The Empty-First-Daughter (EFD) parsing method is employed to support the indexing techniques introduced in this thesis. It is also used as the baseline parser in comparison with the improved, indexed, parser. This section outlines the principles of this algorithm; a detailed presentation can be found in [Penn1999c] and [Penn and Munteanu2003]
An important issue in bottom-up parsing, when implemented in Prolog, is the amount of copying. In standard Prolog parsers, each time an edge is matched with a daughter (regardless of the success of the matching operation), the edge is copied from the assertional database onto the heap. This copying can significantly slow down the parsing process when categories are large (such as typed feature structures).
A first approach to solving the copying problem was Carpenter's algorithm, which is used in ALE [Carpenter and Penn2001]. The algorithm traverses the input sentence breadth-first and from right to left. The grammar rules are traversed depth-first, from left to right, in a failure-driven loop. As a result, Carpenter's algorithm does not require active edges, since only one rule at a time is in the process of being completed. This is in contrast to a breadth-first traversal of rules, where a record of all rules that have matched partially with edges in the chart (but are not completed yet) must be kept.
The EFD parsing algorithm brings further improvements to Carpenter's algorithm, by limiting the number of copying operations to a maximum of two per edge. Apart from the benefit of reducing copying, the EFD parsing algorithm offers a better support for indexing, especially for Prolog implementations. The chart is not stored in the assertional database, but on the heap. Thus, indexing can be applied without copying edges.

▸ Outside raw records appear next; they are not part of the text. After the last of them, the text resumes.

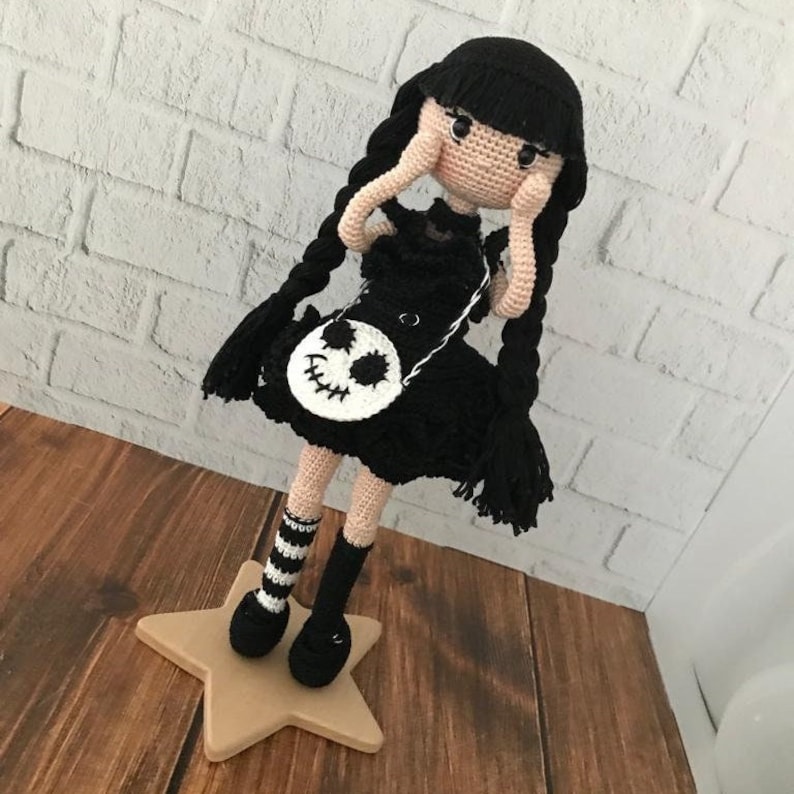 May include: A black crocheted doll with long black braids, wearing a black dress with a white skull-shaped purse. The doll is standing on a wooden star-shaped base.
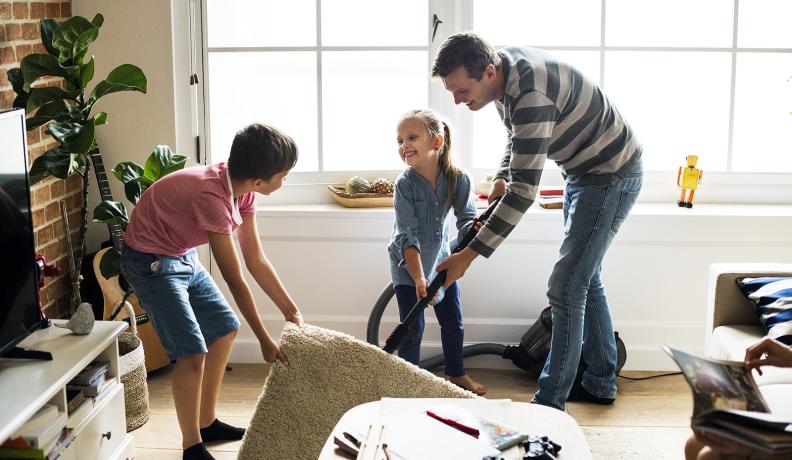 dad and kids vacuuming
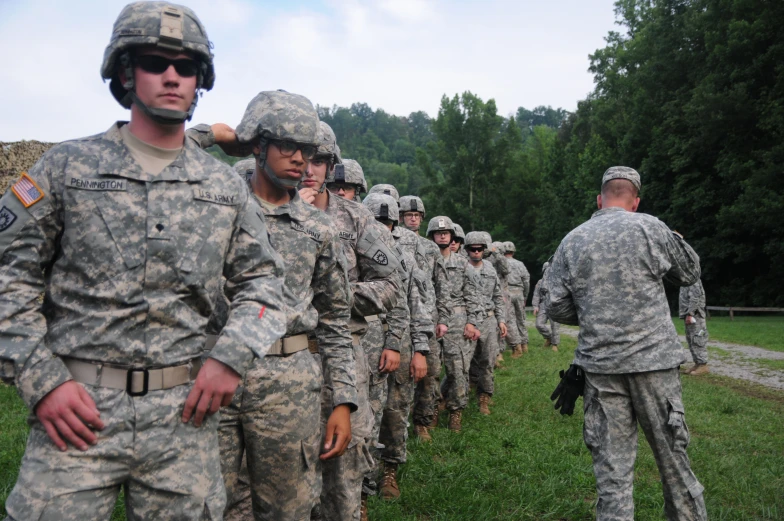 a group of soldiers stand in line, ready for a po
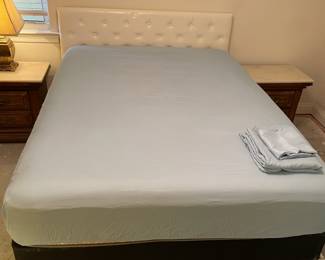 Queen Bed: Cream upholstered headboard, box and slats.  $350.00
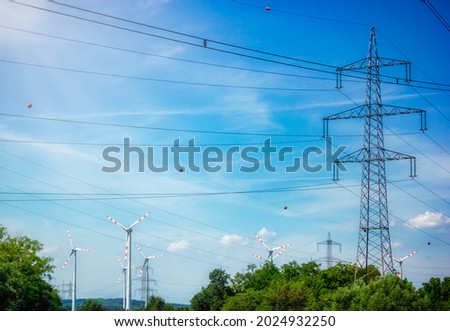 High voltage tower and wind turbine construction, beautiful landscape, blue sky, clean renewable green energy for sustainable development to prevent climate change and global warming to protect earth
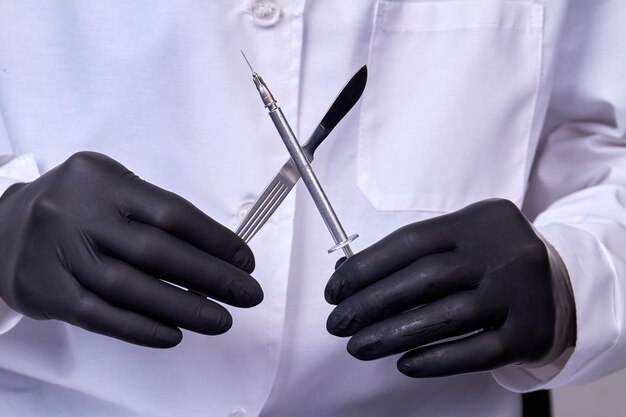 Dokter-chirurg heeft een scalpel met spuit chirurgisch concept instrument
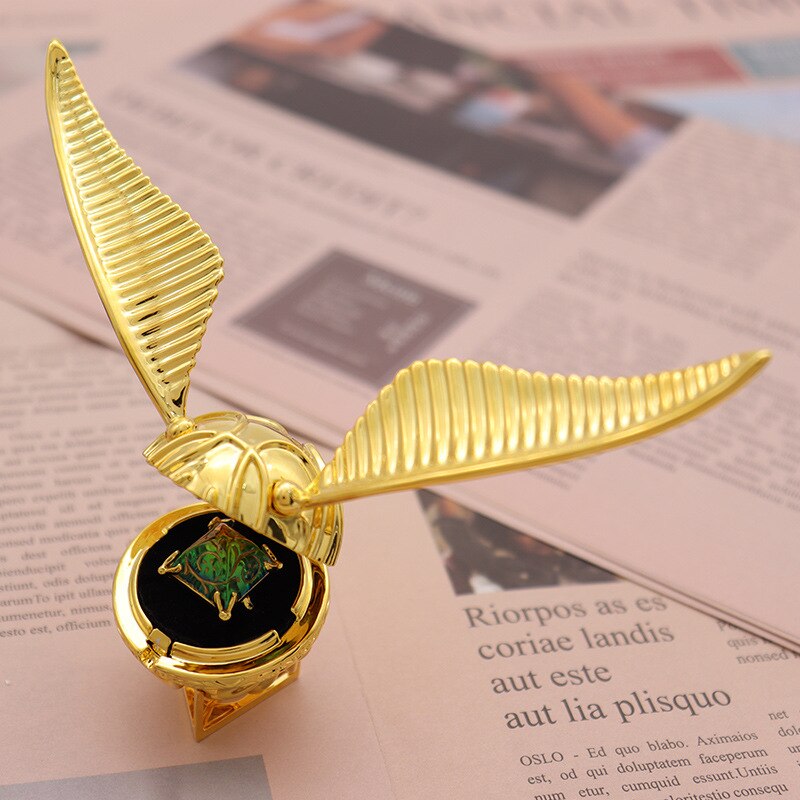 Luxury movable Golden Winged Orb Ring Box, gold-plated for unique jewelry storage.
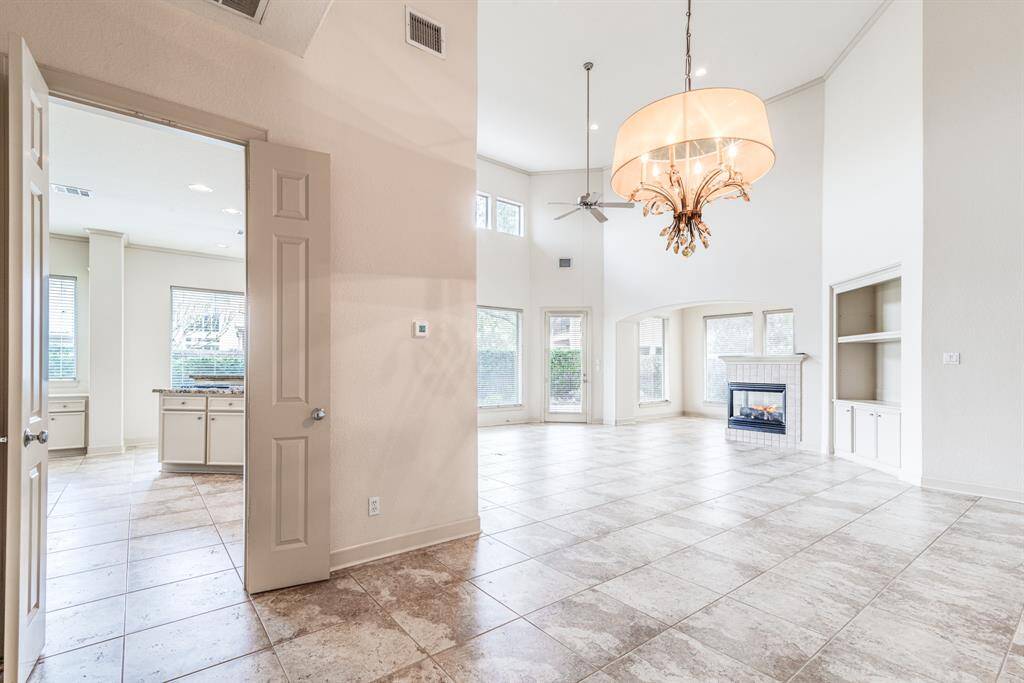 View from dining area into kitchen and living space. Fabulous open flow perfect for entertaining and functional living.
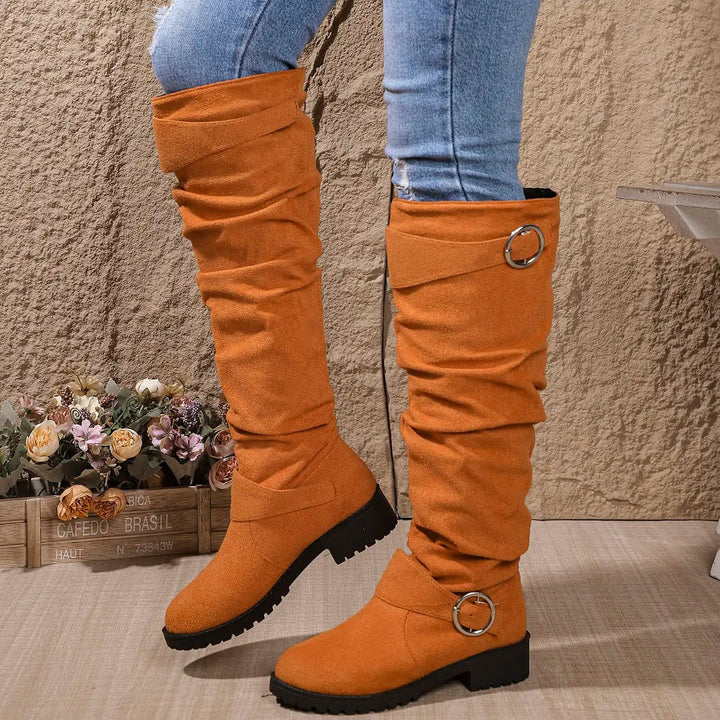 Burnt orange knee-high boots featuring ruched leg and buckle fastening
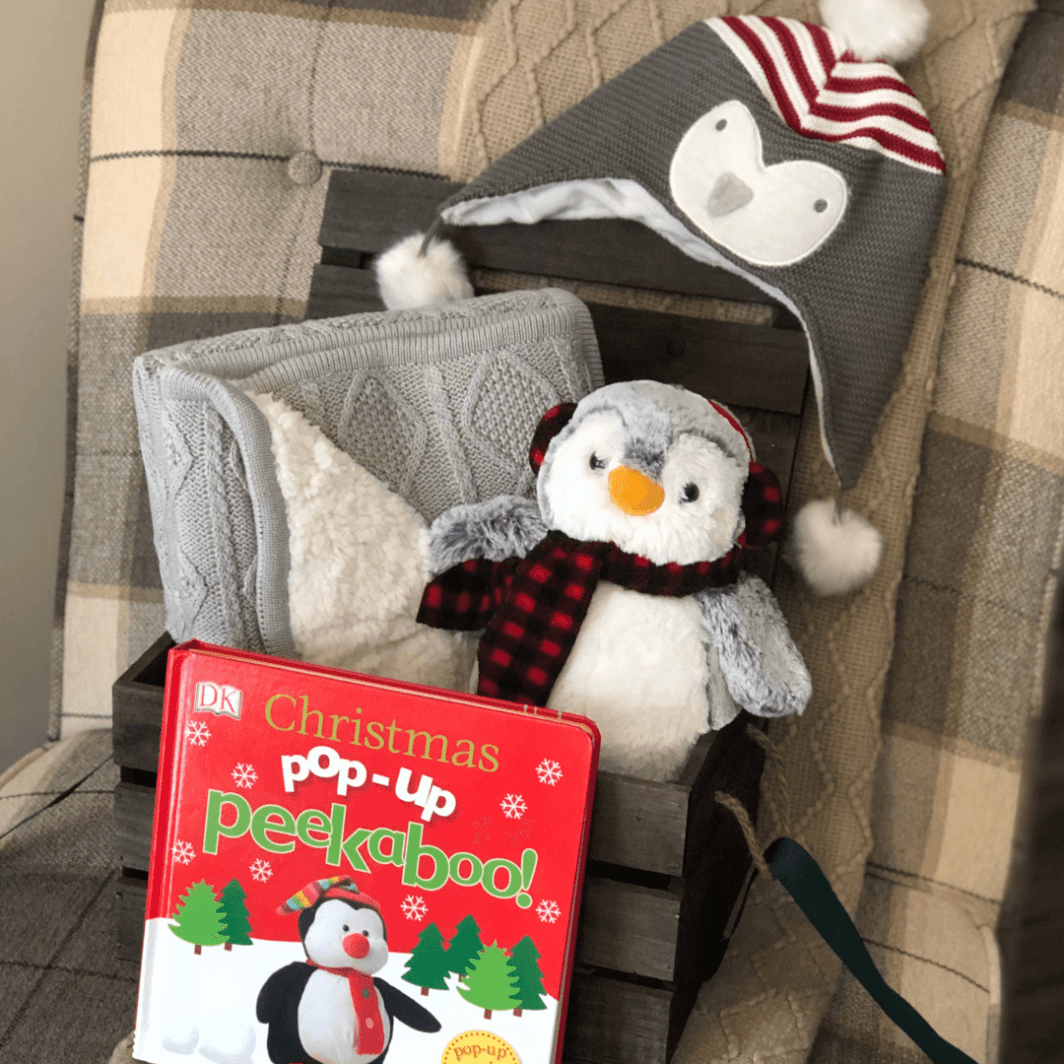 Wooden crate with a gorgeous fur backed gray knit baby blanket plush penguin toy penguin hat and christmas pop up book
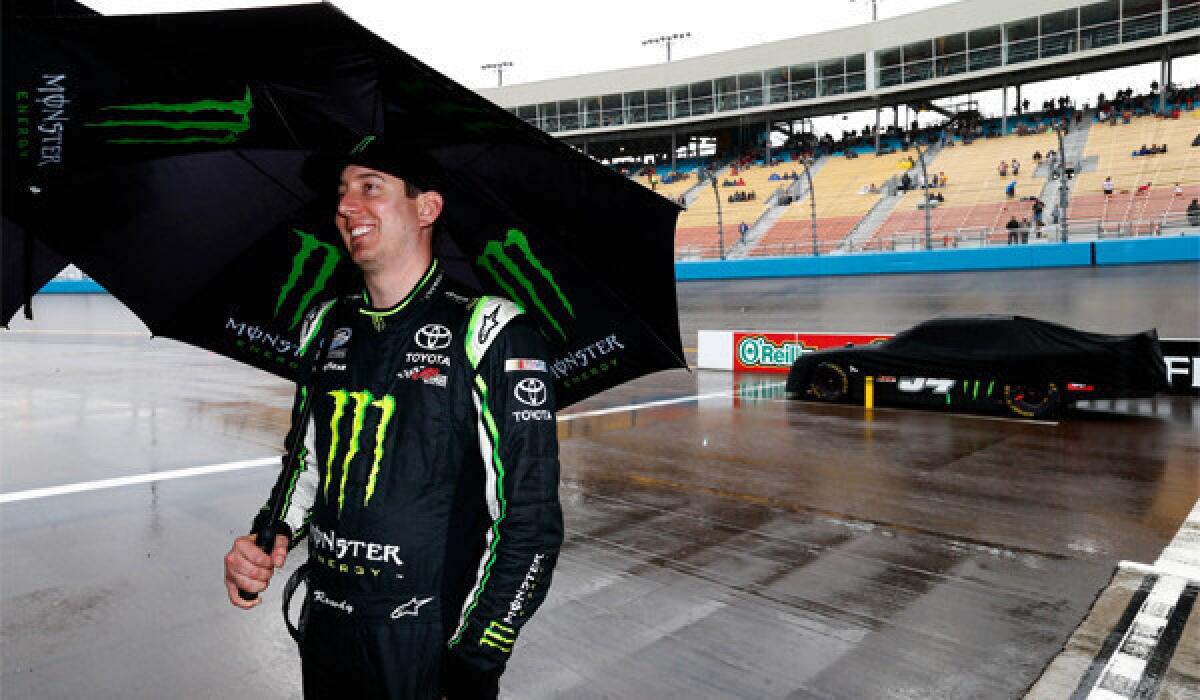Eventual winner Kyle Busch attempts to wait out the rain at the NASCAR Nationwide race at Phoenix International Raceway on Saturday.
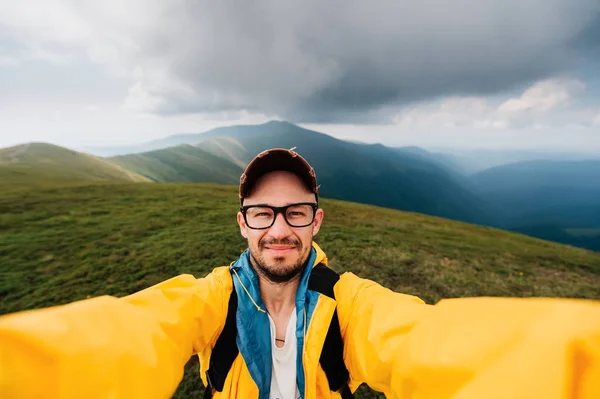 Retrato selfie de un viajero sonriente y risueño con impermeable amarillo y gafas en las nubes montañas en un clima caluroso con lluvia. — Foto de Stock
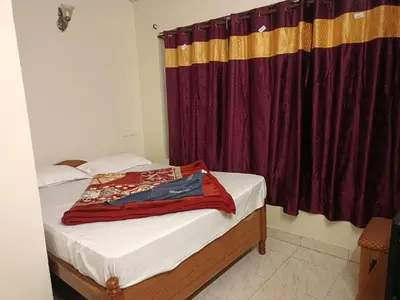 a bedroom with a bed with a red curtain at Abbu Royal Palace Cottage in Ooty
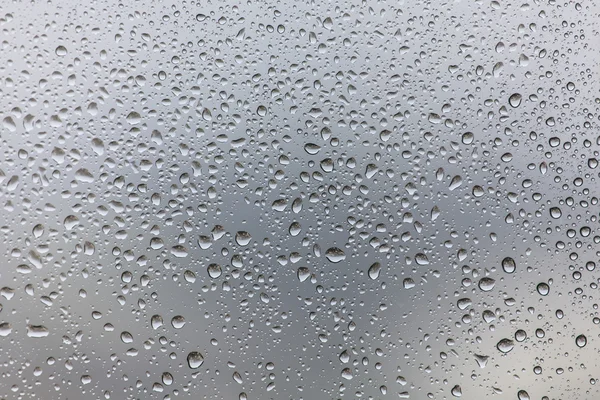 Gocce di pioggia su fondo di vetro — Foto Stock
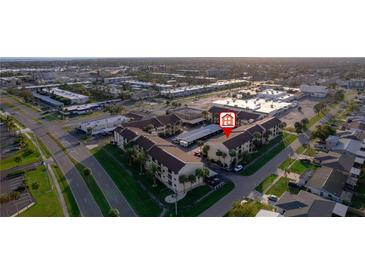 Aerial view of a complex with covered parking, green spaces, and easy access to nearby amenities at 2395 Harbor Blvd # 314, Port Charlotte, FL 33952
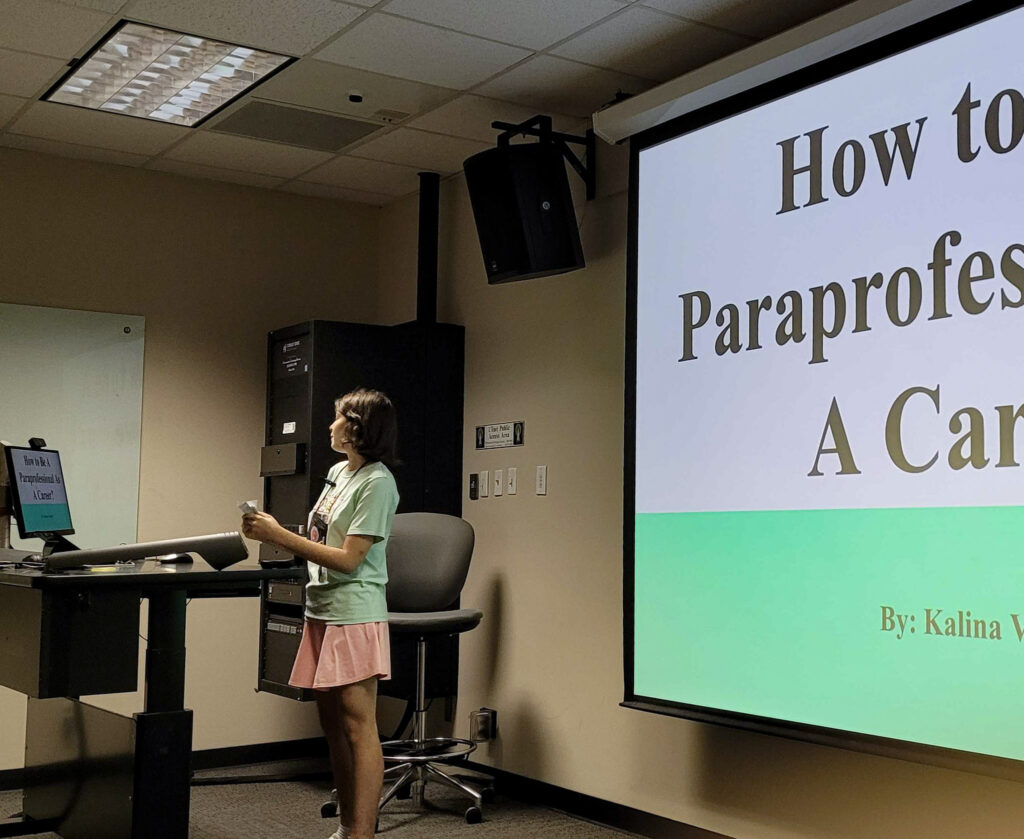 Female student standing in front of a  projector screen giving a speech in her Professional Communications class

The EFD algorithm is based on the assumption that the grammar is EFD-closed: all rules in the grammar have at least one daughter, and the leftmost daughter of each rule is blocked from deriving an empty category. The algorithm for transforming a phrase-structure grammar into an EFD-closed grammar is presented in [Penn and Munteanu2003]. During parsing, after an edge is added to the chart, a failure driven-loop visits the rules in the grammar and selects the ones for which the first (the leftmost) daughter unifies with the newly created edge. The chosen rule is then extended from left to right, starting with its second daughter, by matching the daughters with edges in the chart and empty categories.